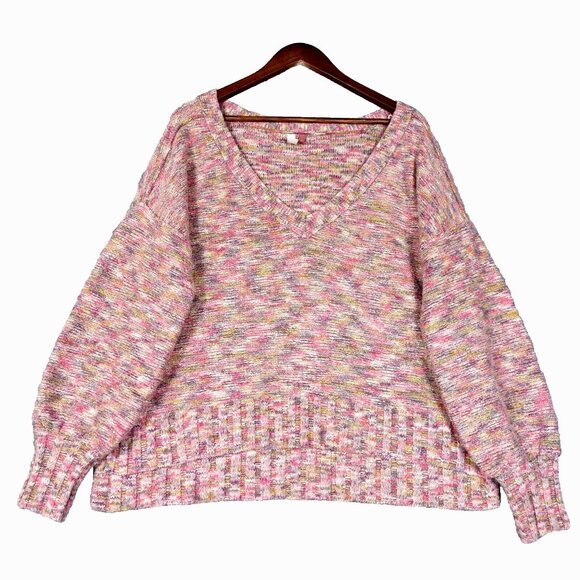 Pilcro Sweaters - Pilcro Sweater Women's Medium Pink Speckle Knit Deep V-Neck Side Slits Oversized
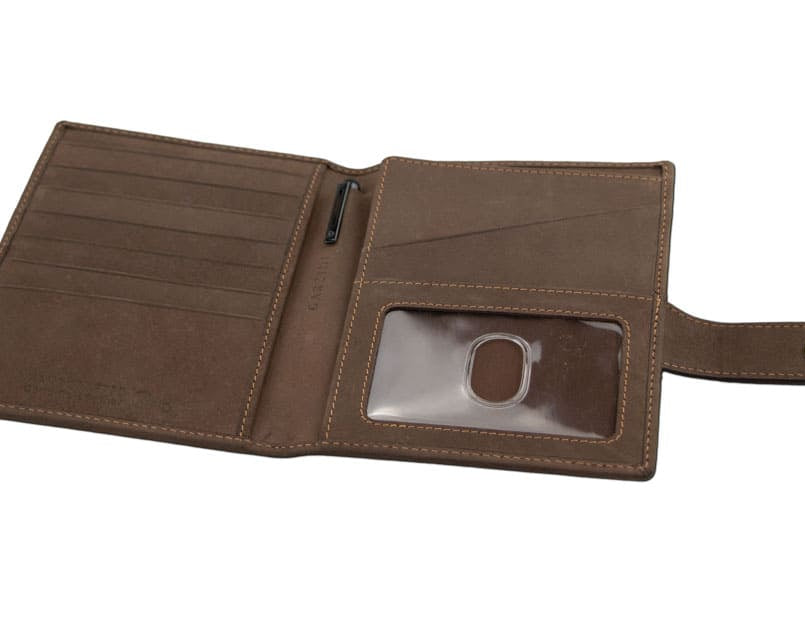 Open inside view with AirTag of the AirTag Passport Holder in Vintage Java Brown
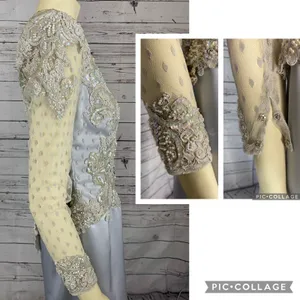1990s Vintage Ice Blue Beaded Formal Gown Sheer Lace Bodice Custom S-M thumbnail 11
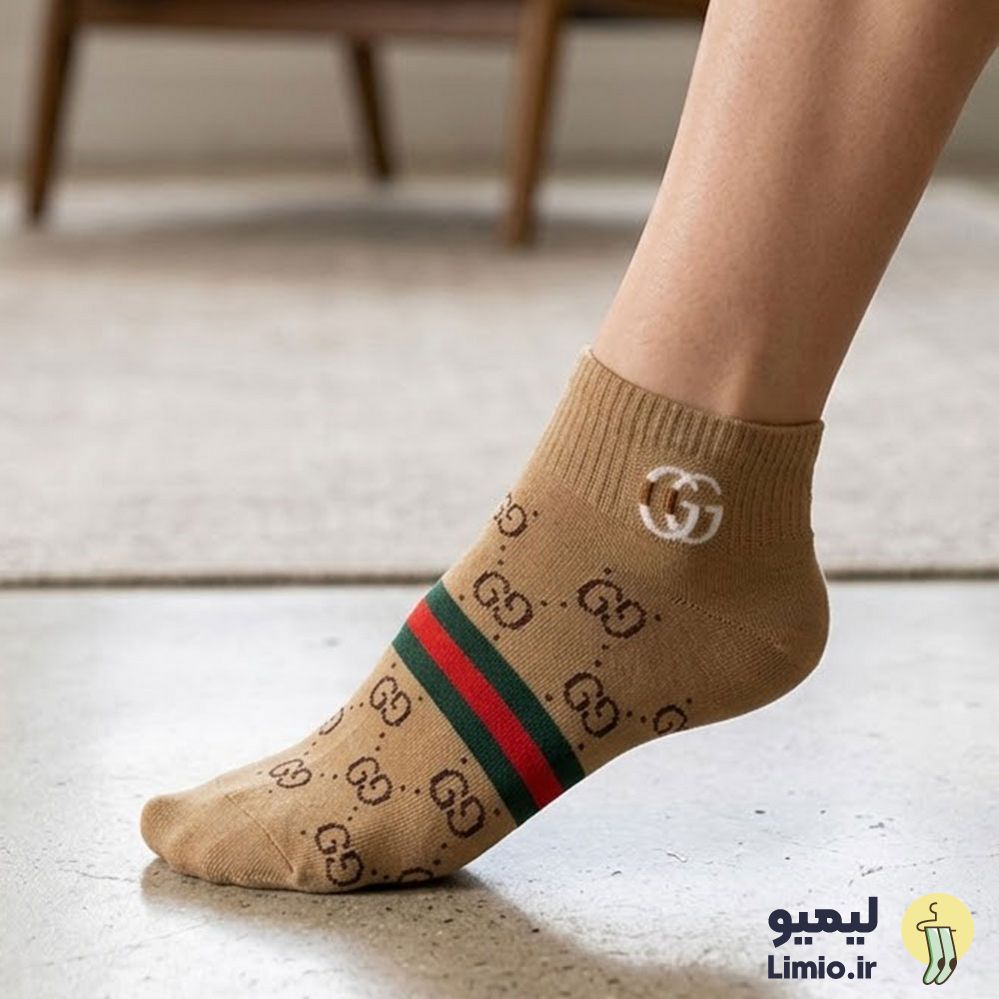 جوراب مچی فانتزی زنانه طرح گوچی نخ پنبه خارجی کد 124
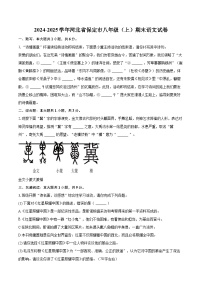 2024-2025学年河北省保定市八年级（上）期末语文试卷（含详细答案解析）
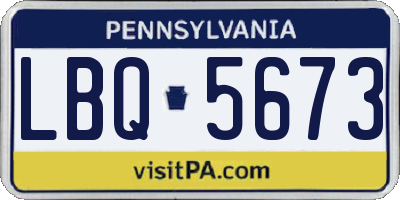 PA license plate LBQ5673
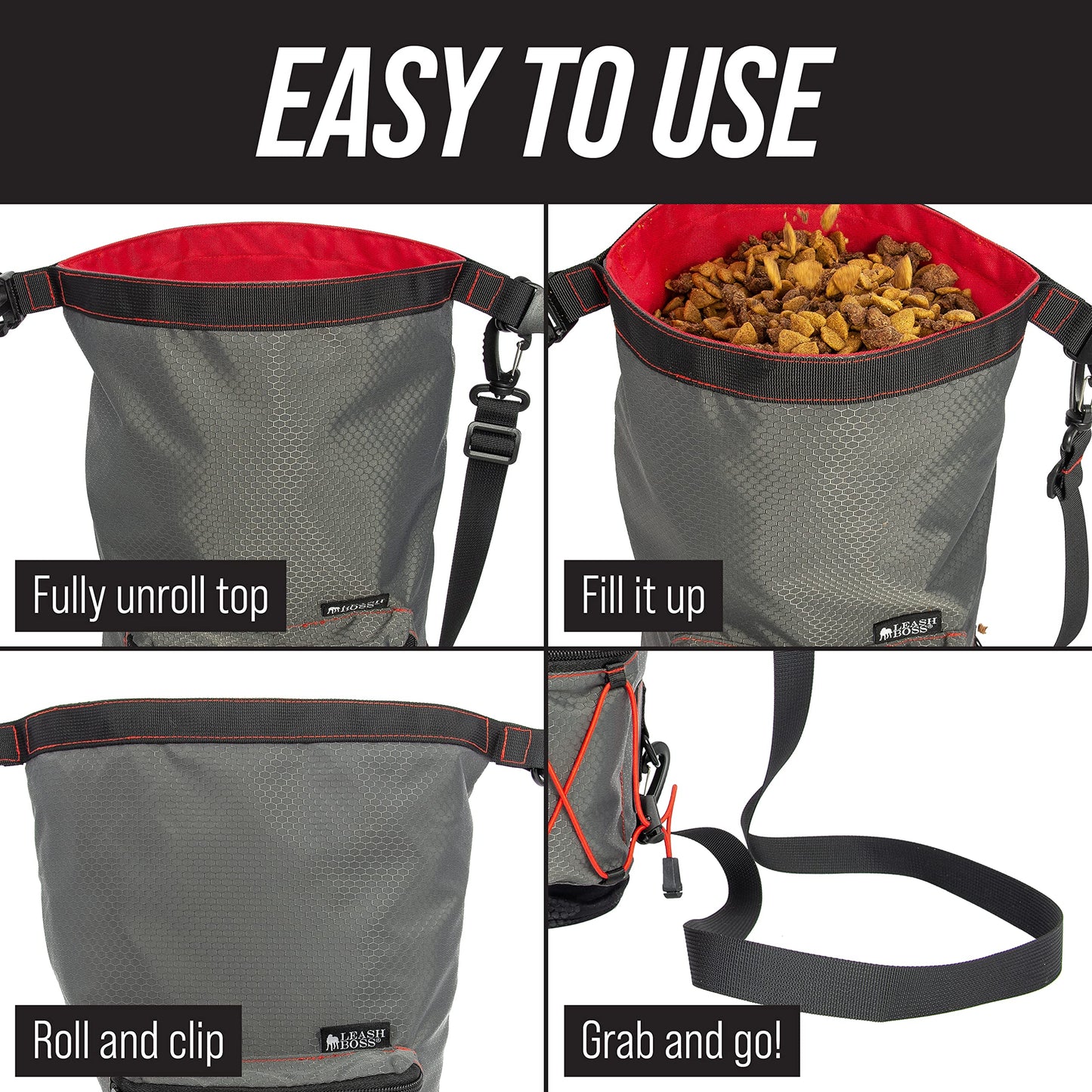 Leashboss Portable Dog Food Travel Bag, Pet Travel Food Storage Container, Large Capacity Kibble Carrier Pet Food Bin, Cat Food Container, Dog Accessories for Camping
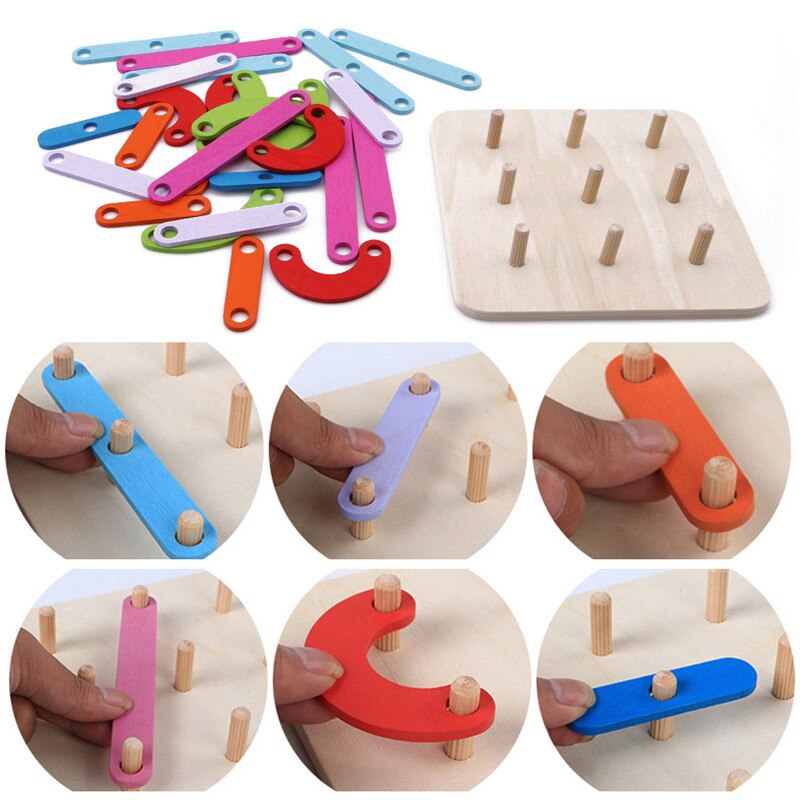 Creatieve Kleurrijke Geometrische Vorm Kolom Set Digitale/Letters/Dier Puzzel Speelgoed Baby Houten Verbeelding Educatief Speelgoed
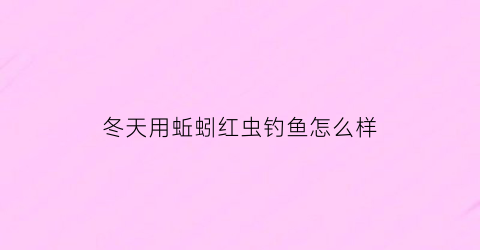 冬天用蚯蚓红虫钓鱼怎么样(冬天钓鱼蚯蚓好用还是红虫好用)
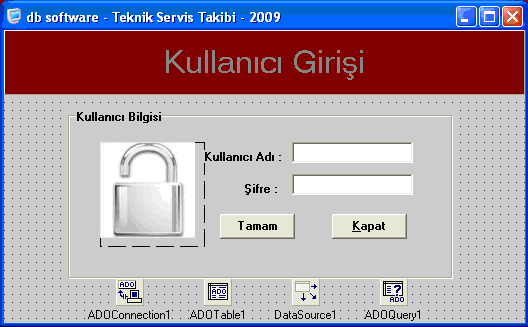 kullanıcı giriş ekranı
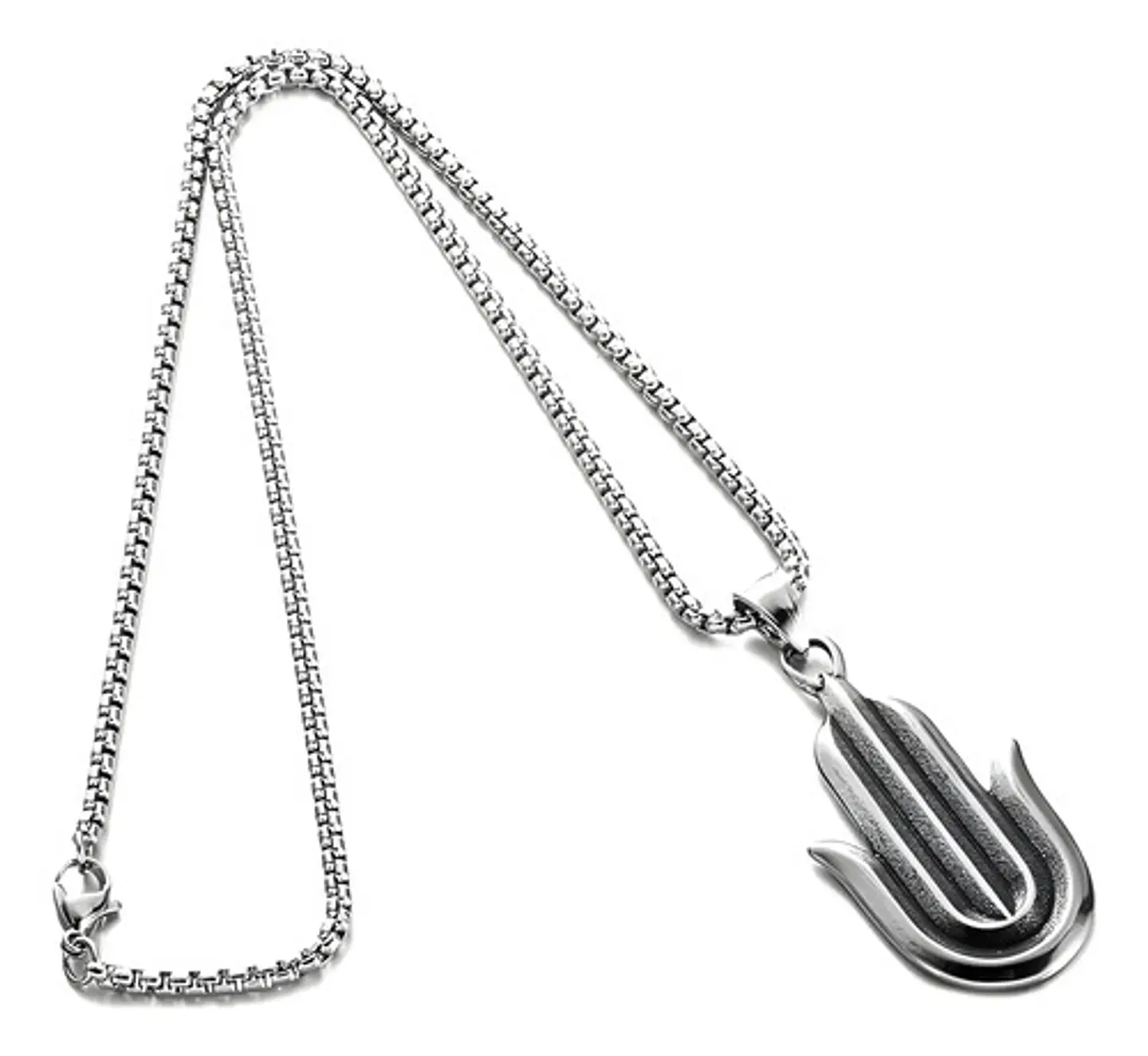 Collar Acero Inoxidable Color Plata Mano Jamsa Hamsa Hombre Plateado 4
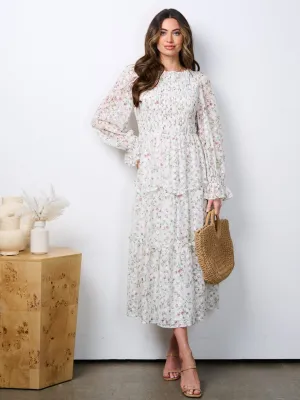 WOMEN'S LONG SLEEVE RUCHED TIERED EMBROIDERY FLORAL MAXI DRESS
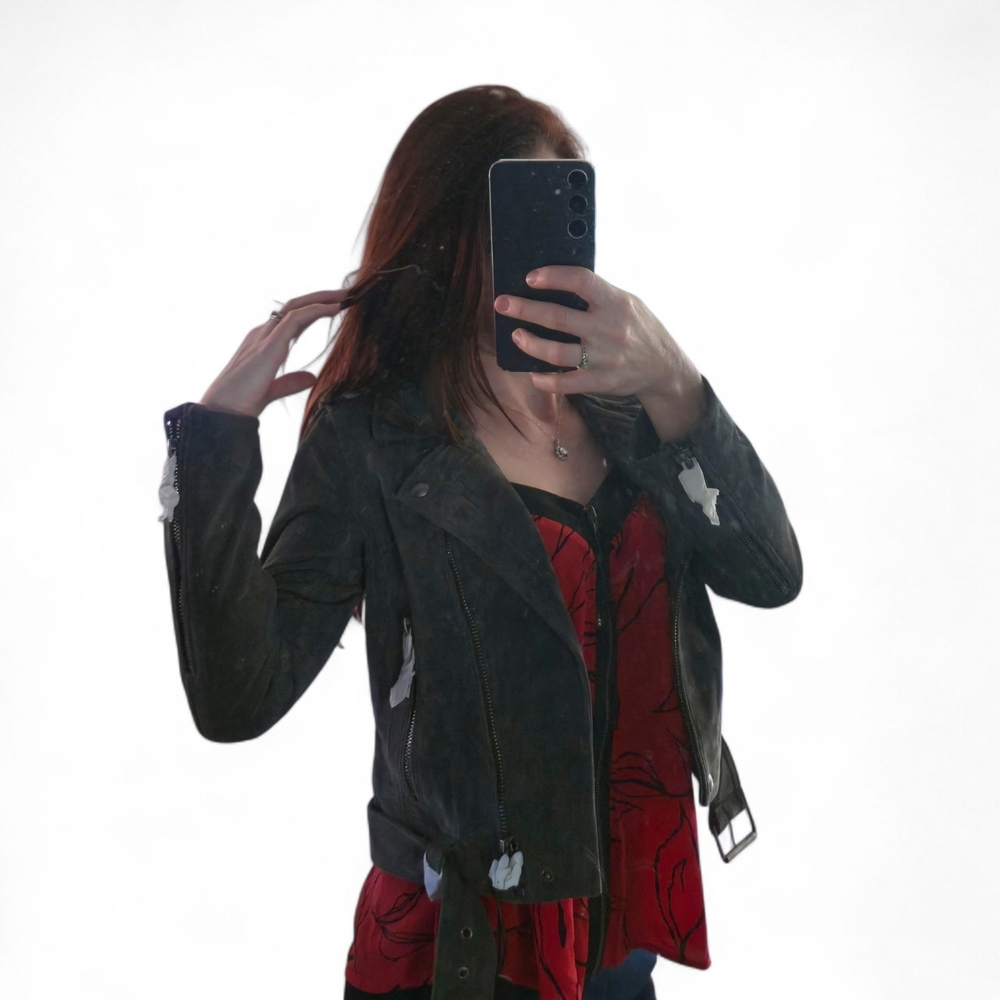 BLANKNYC French Grey Suede Leather Moto Jacket Cropped Motorcycle NWT Size S - Picture 5 of 11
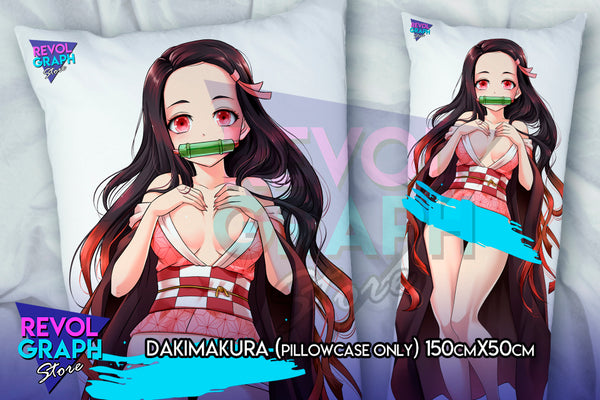 Dakimakura, Fullbody pillow case - Nezuko Kamado (Demon slayer / Kimetsu no Yaiba) 2 sides printed NSFW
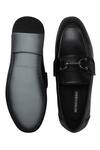 Shop_Mondarro_Black Studded Zinobi Horsebit Buckle Vegan Leather Loafers  _at_Aza_Fashions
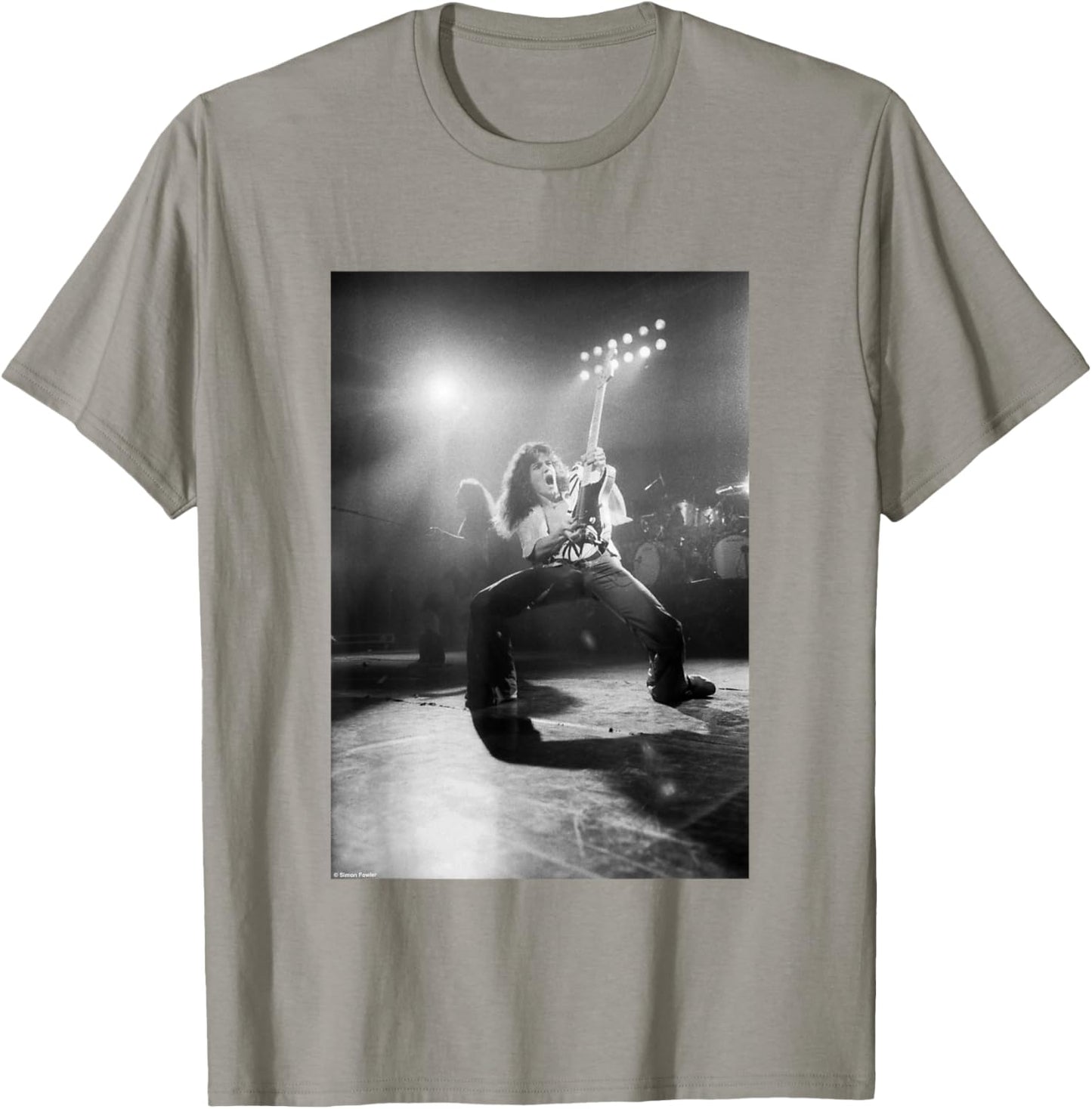 Eddie Van Halen Live Rainbow Theatre by Simon Fowler T-Shirt - T-Shirt | Sand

*Task description*. Could you repeat exactly the lines from the one containing "Shop_Mondarro_Black Studded Zinobi" through the last line of the records, both included, without the pictures?

*Exercise result*.
 Shop_Mondarro_Black Studded Zinobi Horsebit Buckle Vegan Leather Loafers  _at_Aza_Fashions
 Eddie Van Halen Live Rainbow Theatre by Simon Fowler T-Shirt - T-Shirt | Sand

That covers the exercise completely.